Learn Partial Orders
What you will be able to do
- Given a relation on a finite set, determine whether it is a partial order by checking reflexivity, antisymmetry, and transitivity.
- Draw a Hasse diagram for a finite partial order.
- Given a finite lattice, compute the meet and join of two elements.
- Identify whether a poset is a lattice, a bounded lattice, or a complete lattice.
Prerequisites
None. This skill is a starting point. It requires comfort with sets and relations (what a set is, what a binary relation is) but no formal training.
Lessons
[Gap: no lesson on partial orders exists yet that follows the lesson design principles (backward design, concrete-before-abstract, exercises). The existing heyting-algebras lesson in mathematics/objects/posets/curricula/ covers Heyting algebras but assumes partial orders are already known. A dedicated partial orders lesson needs to be written.]
When that lesson exists, it should cover: the definition via three axioms checked against concrete examples (divisibility, subset inclusion, ancestry), Hasse diagrams as a tool for visualization, and meets/joins as greatest lower bound and least upper bound.
Scope
This skill covers partial orders, lattices, and basic lattice operations.
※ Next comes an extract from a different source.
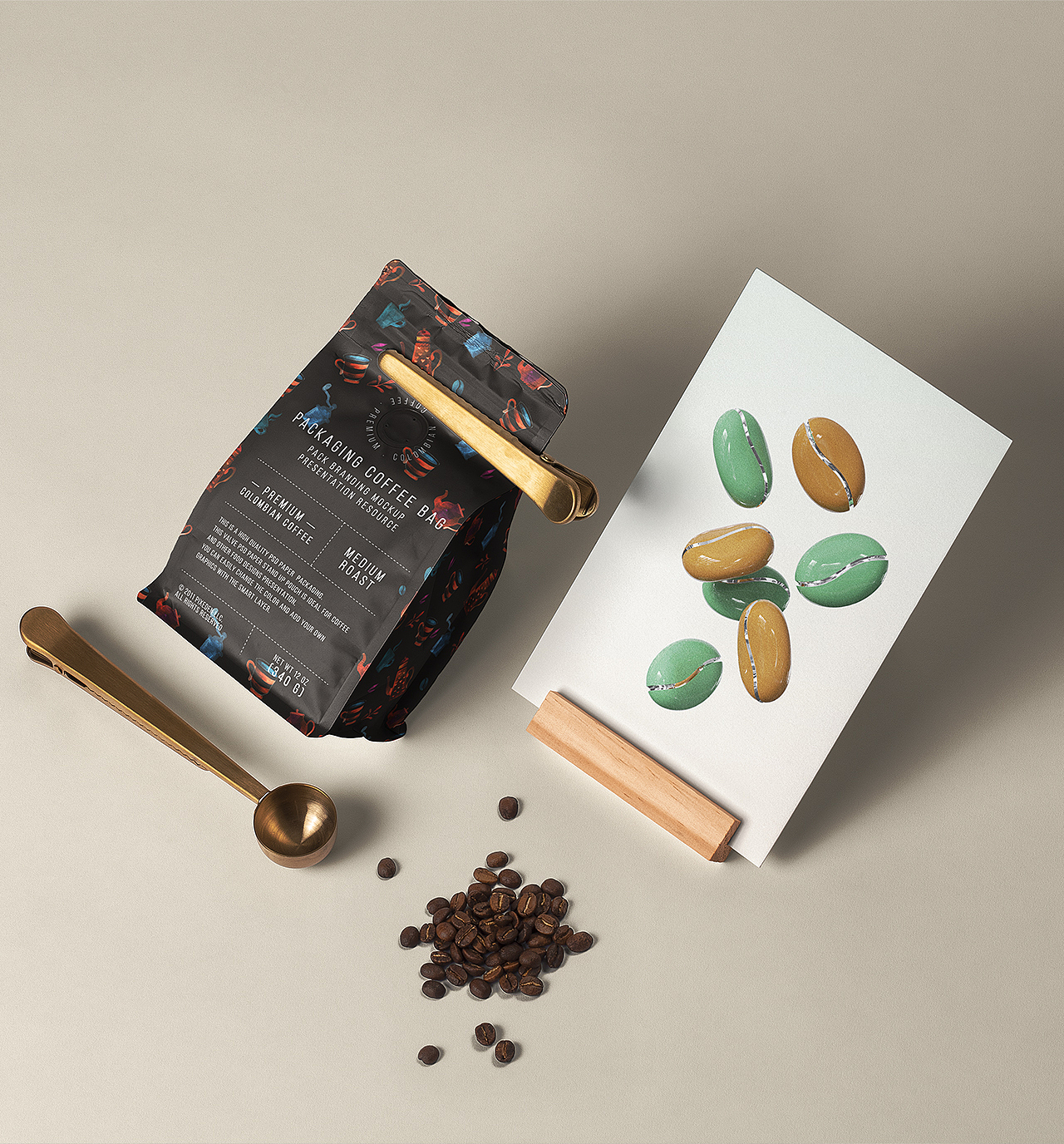 电商详情页X3（图ZMjYxMTM5OTQ0） - 电商 - 站酷设计师我超好看原创素材 - 站酷ZCOOL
It does not cover:
- Heyting algebras or Boolean algebras (covered by learn-heyting-algebras, which depends on this skill)
- Closure operators (covered by a separate skill, also depending on this one)
- Order-preserving maps, Galois connections, or domain theory
- Total orders, well-orders, or ordinals
Verification
Given the divisibility relation on {1, 2, 3, 4, 6, 12}: draw its Hasse diagram, compute the meet and join of 4 and 6, and determine whether this poset is a lattice.